Thursday 05 September 2013 15.43
No changes in QE or rates from Bank of England today
No changes in QE or rates from Bank of England today

The Bank of England announced no changes to interest rates or its bond-buying programme and made no further statement on its policy today.

The bank had been expected to take a breather following a hectic couple of months under new governor Mark Carney which has seen the economy show fresh signs of life.

Bank of England said its Monetary Policy Committee kept interest rates at a record low of 0.5%.

It also made no change to its asset purchase programme under which it has spent £375 billion sterling on British government bonds.

The bank's September policy meeting - which unusually took place on Tuesday and Wednesday to allow Carney to attend the Group of 20 summit in Russia which started today - followed two landmark MPC gatherings.

In July, it took the unexpected step of warning financial markets against making premature bets on an interest rate hike.

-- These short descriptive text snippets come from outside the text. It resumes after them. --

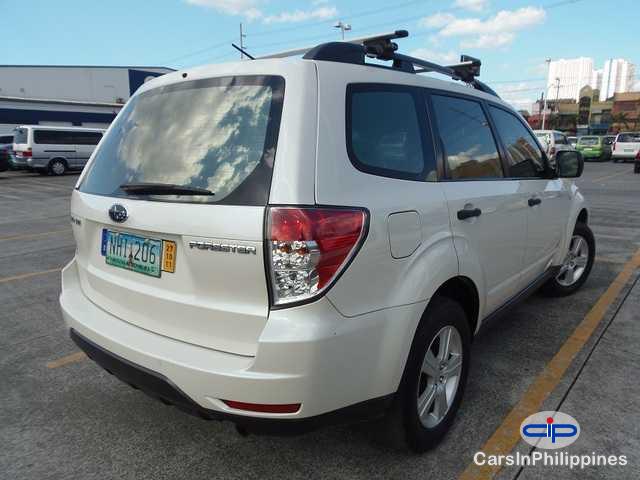 Subaru Forester in Tawi Tawi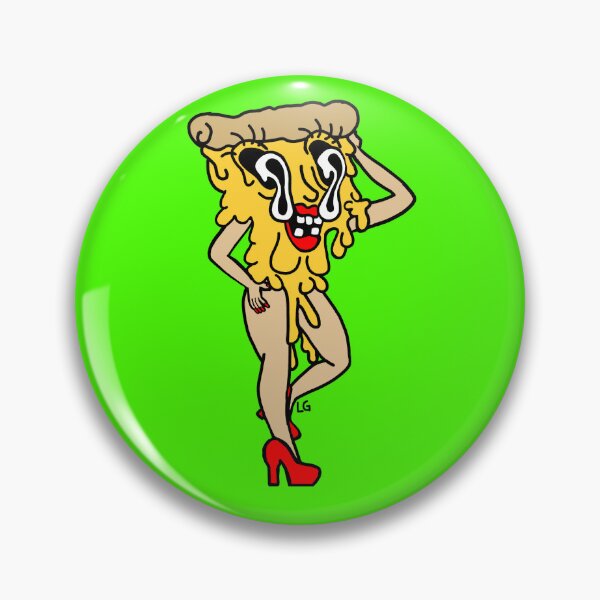 Item preview, Eat Me - Stickers designed and sold by Liz Getler.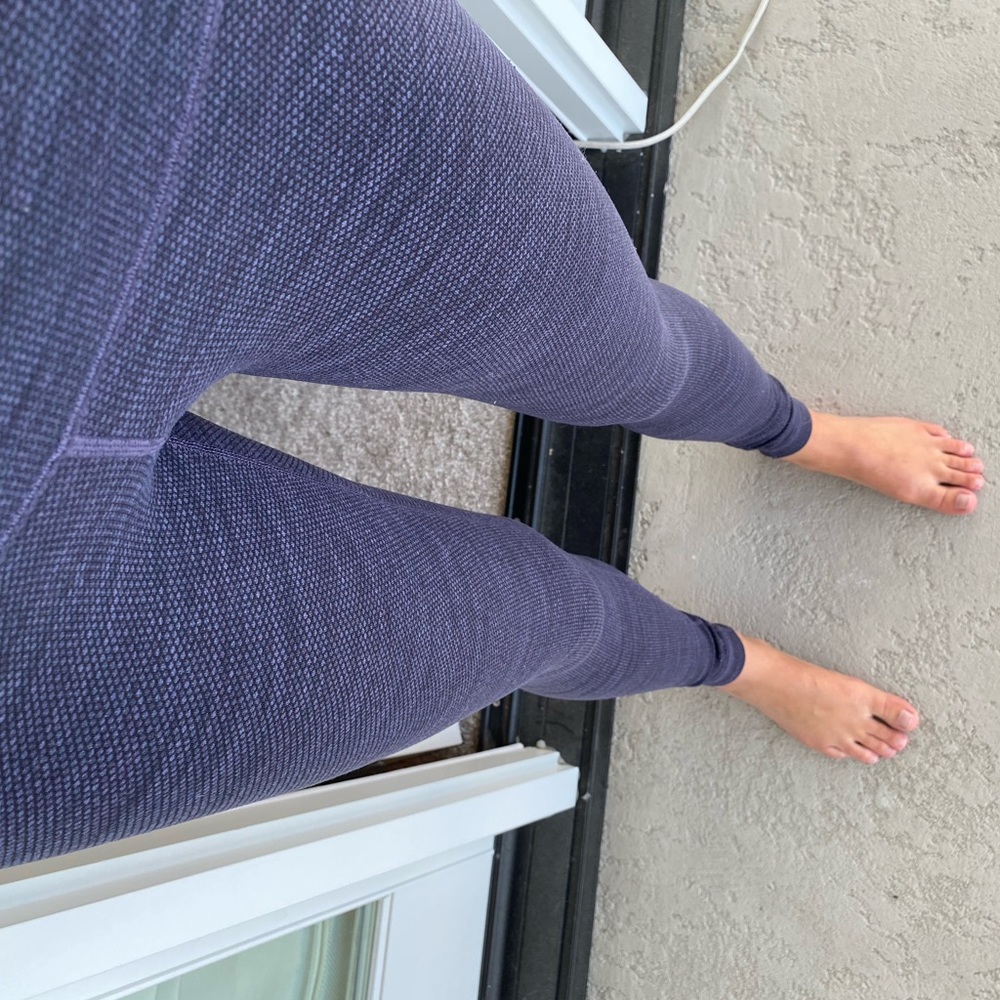 Lululemon High-Rise Leggings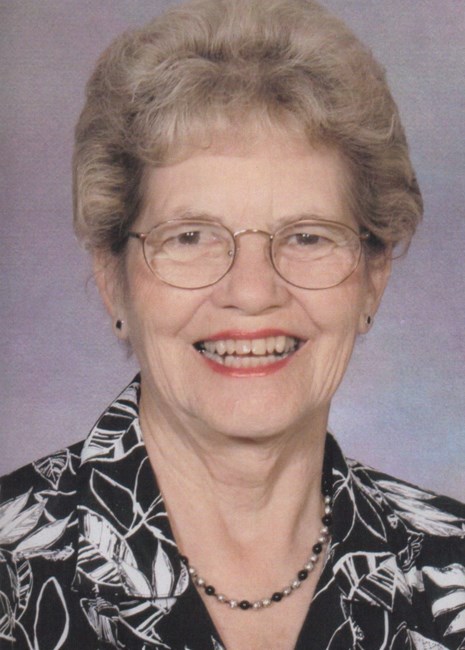 Obituary of Juanita May Martin Parker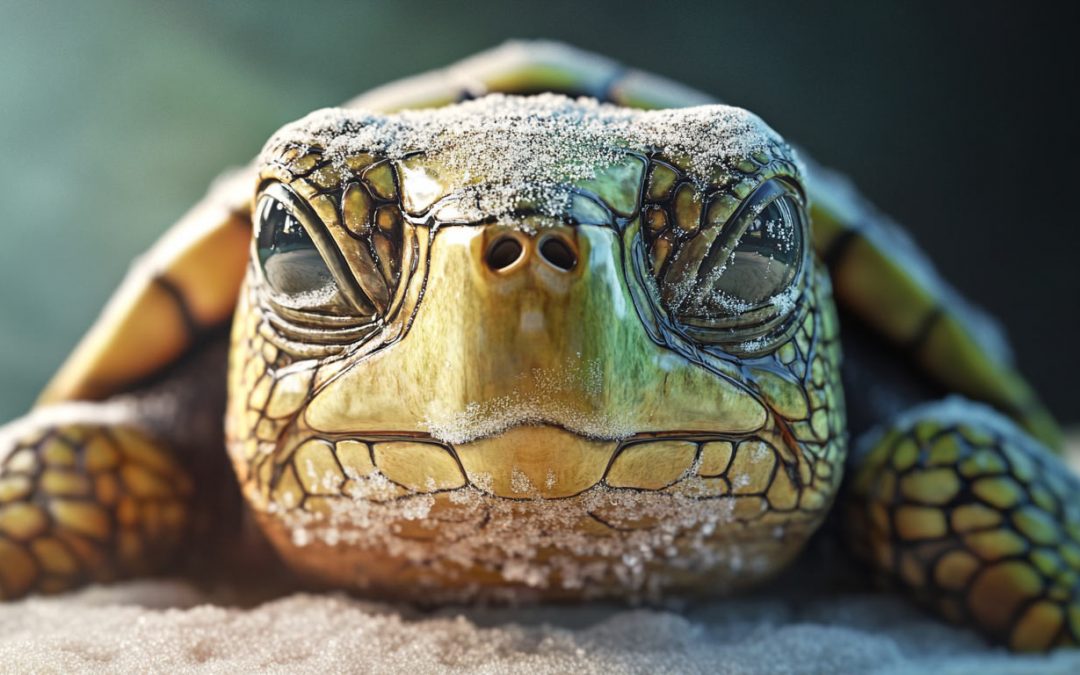 What are 10 interesting facts about Oahu’s Green Sea Turtles?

And in August it agreed its new forward guidance plan to keep rates on hold until Britain's unemployment rate falls to 7%, something the bank expects only in late 2016.

Signs of a surprisingly strong recovery in the economy, while a welcome change for policymakers, has added to scepticism in financial markets about the BoE's ability to keep rates at a record low of 0.5% for so long.

Strong manufacturing and services surveys this week prompted some economists to predict that growth in the third quarter could speed up to more than 1%, much stronger than the bank's forecast of about 0.6%.

Rising market interest rates has raised the prospect of higher borrowing costs for consumers and companies that could hamper the still incipient recovery.

The recent run of stronger economic data from Britain and in its European export markets may have added to disagreements among Bank of England policymakers.

In August, one member of the Monetary Policy Committee (MPC) voted against the forward guidance plan out of concern it would undermine the bank's inflation-fighting credibility. Others said there was probably a case for buying more government bonds in the future to give the recovery an extra boost.

A couple of MPC members might now have voted to pump more money into the economy, economists said, speaking before today's MPC announcement.

Governor Carney last week said the BoE might give more help to the economy if the recent rise in market interest rates added to risks for the recovery. But the recent signs of stronger growth have probably reinforced the opposition of the majority to more bond-buying.

Minutes of September's meeting are due to be published on September 18, with the usual lag of nearly two weeks.

The Bank of England has tended to make statements only when it made big changes to policy but July's warning on rates prompted some speculation that, under Carney, statements might be more regular.

Meanwhile, the ECB also kept euro zone interest rates steady at 0.5% in Frankfurt today and said rates would remain low until the euro zone recovery gathers steam.